Lo que nunca olvidaré de aquella noche no es solo el final, sino el sonido de su llanto mientras me despedía. Ella, tan firme en su decisión, me envió un mensaje cargado de fatiga en sus palabras, revelando que mis inseguridades la habían agotado. Me di cuenta de que su decisión no fue tomada a la ligera, y aunque estaba aterrado, sabía en lo más profundo que este momento inevitablemente llegaría.

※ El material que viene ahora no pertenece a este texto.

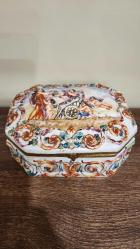 Antika capodimonte tarzı kabartma figürlü porselen kutu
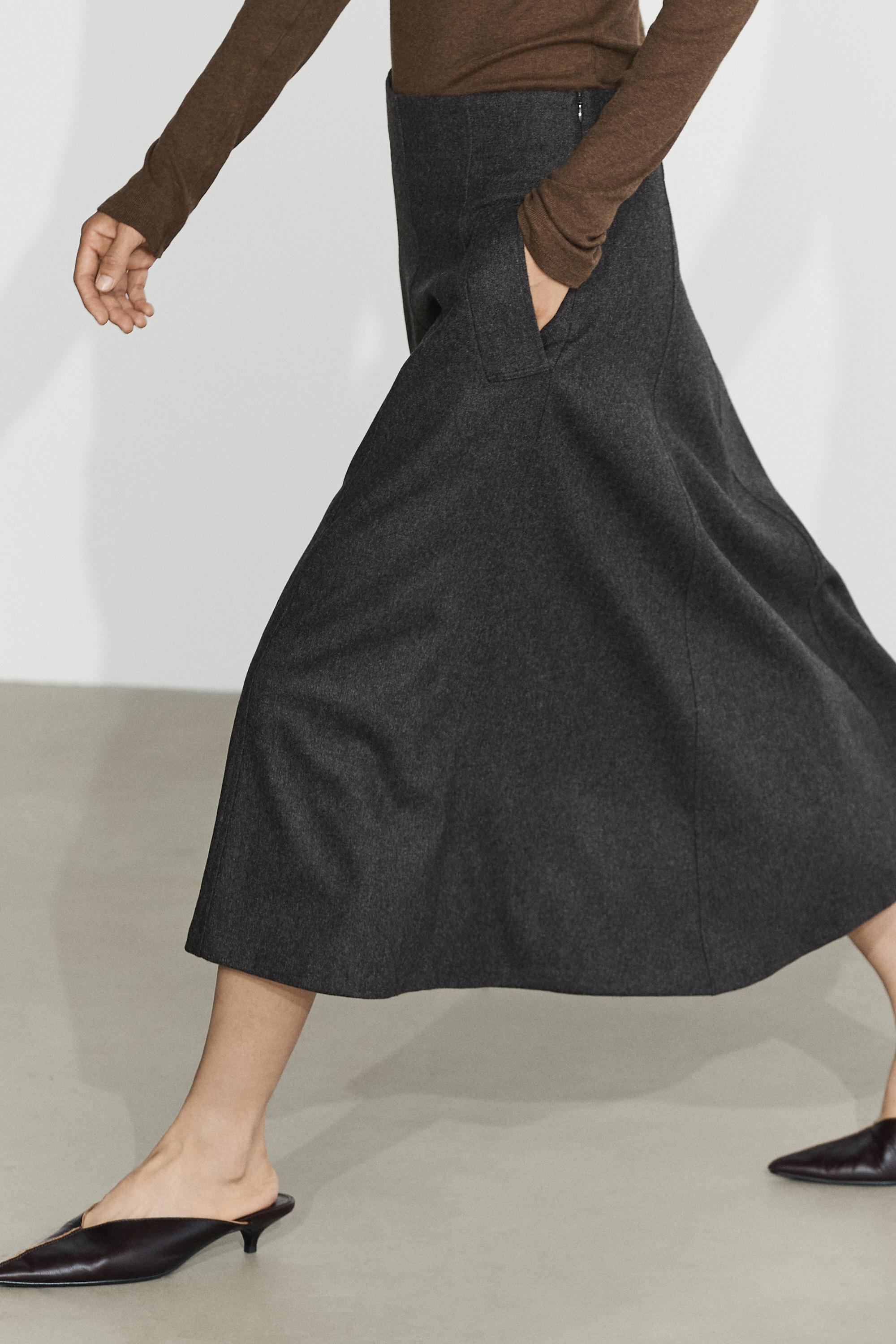 Flared midi skirt with pocket detail - GREY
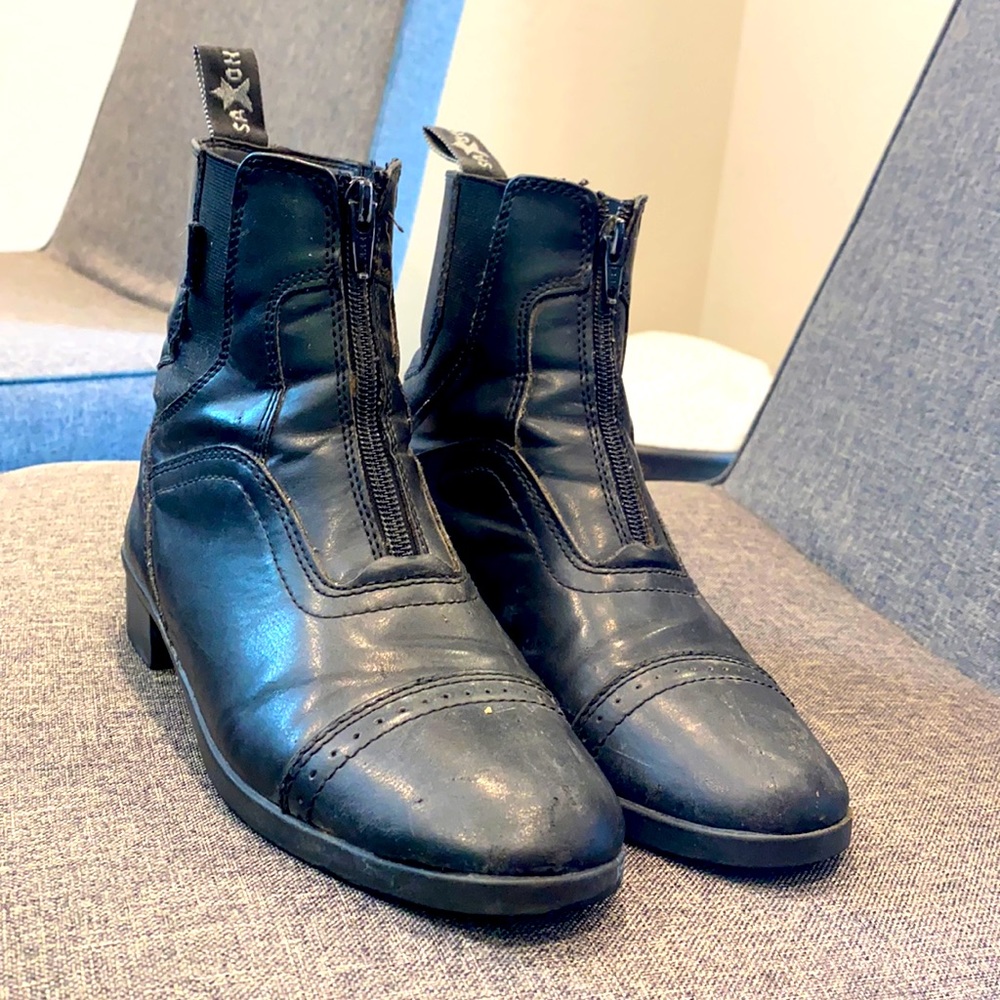 Black women’s Saxon paddock boots. Size 5.5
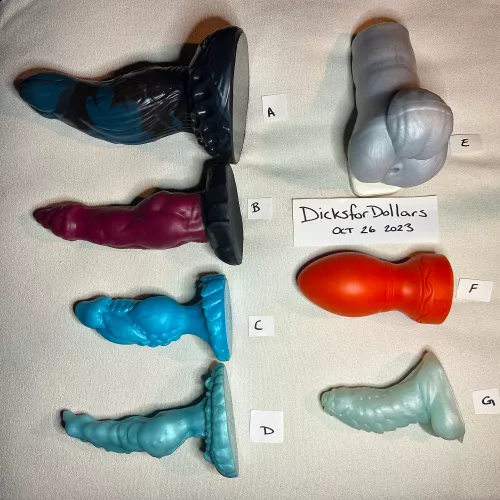 WTS (location Canada) - Demogorgon, Vasu, Hunter, Elden, Snowball, Egg Plug, Flint Packer - Details in Comment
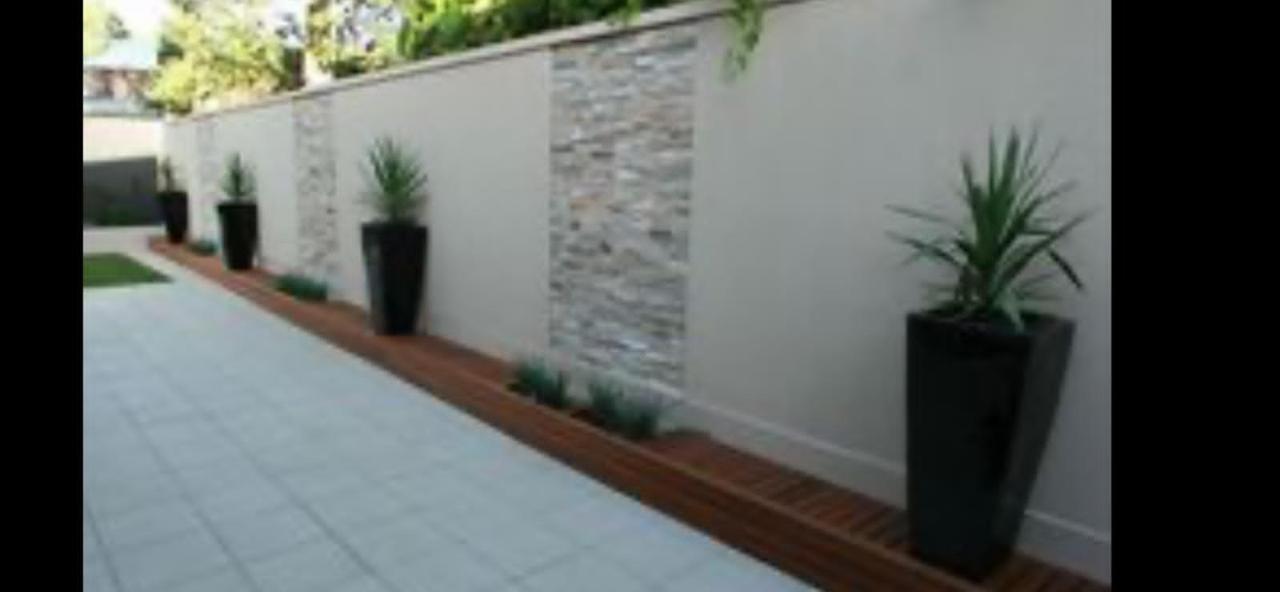 Profile photo 1 of 2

Con mucha insistencia, logré que hablara conmigo. No tenía la esperanza de cambiar su parecer, solo anhelaba una despedida, una que me consuele por mi culpa. Aquella conversación, de la que poco recuerdo, estuvo marcada por mis lágrimas que no cesaban. Cuando finalmente pude contener mi llanto, le expresé todo lo que una persona puede decirle a alguien a quien ama profundamente, pero que sabe que nunca volverá a ver. Cada palabra emergió desde lo más hondo de mi ser, con una sinceridad tan palpable que desató un llanto inesperado del otro lado del teléfono. Escucharla, contrario a lo que esperaba, me trajo una calma inesperada, una caricia para mi corazón herido. Hasta ese momento, creía que no sentía nada, que no le importaba dejarme solo y deshecho. Ahora, con el paso del tiempo, comprendo mejor sus lágrimas, pues he vivido lo que ella vivió entonces: renunciar a alguien que quieres por alguien que tu alma anhela aun más. Es una decisión difícil, a veces cruel, y en aquel instante, tal vez fui yo quien quedó atrás, mientras otro ocupaba su corazón. Siempre anhelé que ese alguien la amara con una intensidad que superara la mía, si es que tal ser pudiera existir.
Atravesar ese dolor en soledad fue devastador; no tuve a nadie que me consolara, y estuve al borde de ser consumido por mi tristeza.
La memoria de aquella noche aún pesa en mi corazón con tristeza, enojo y vergüenza. El dolor de no haber cumplido la promesa de estar juntos por siempre me aflige. Pero en lo profundo de mis sentimientos, una promesa permanece inquebrantable: la de no olvidarla jamás.